Namun, kata Shinta, di balik capaian tersebut, dunia usaha melihat adanya ketimpangan dalam distribusi manfaat pertumbuhan yang mulai terasa di level riil.

Ia menilai kondisi ini mencerminkan fenomena asymmetric impact of growth, di mana pertumbuhan ekonomi tetap terjadi secara agregat, tetapi tidak sepenuhnya dirasakan oleh pelaku usaha di lapangan.

"Dalam konteks ini, dunia usaha menghadapi situasi yang disebut sebagai “asymmetric impact of growth” , di mana pertumbuhan tetap terjadi, tetapi manfaatnya belum terdistribusi secara merata, sementara tekanan biaya meningkat," jelasnya.

 

Secara Kuartalan Justru Kontraksi

Pemandangan gedung-gedung tinggi di kawasan Jakarta, Rabu (23/4/2025). (Liputan6.com/Angga Yuniar

Namun demikian bagi dunia usaha, yang juga menjadi perhatian adalah transmission mechanism dari pertumbuhan tersebut ke aktivitas bisnis riil.

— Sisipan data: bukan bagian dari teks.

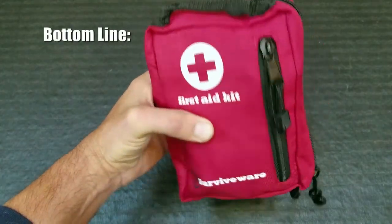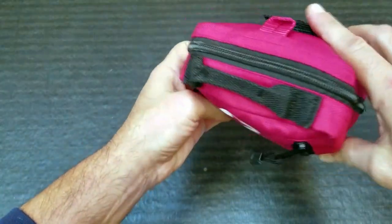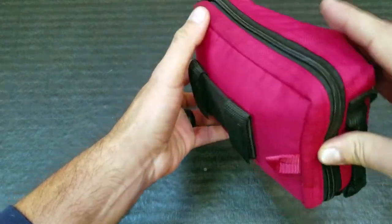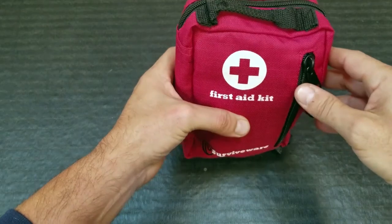Bottom line, if you are in the market for a first aid kit — be it for field use, vehicle use, or even in a home — take a look at this kit made by Surviveware. You may be pleasantly surprised. I know that I was. This is Helder. I hope that you found this review helpful.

Secara kuartalan (q-to-q), ekonomi justru mengalami kontraksi sebesar -0,77%, dan bahkan pada saat yang sama sektor manufaktur juga mengalami kontraksi kuartalan sebesar -1,01%.

"Jadi, meskipun secara makro kita melihat angka pertumbuhan yang solid, di tingkat mikro banyak pelaku usaha masih berada dalam fase margin compression," pungkasnya.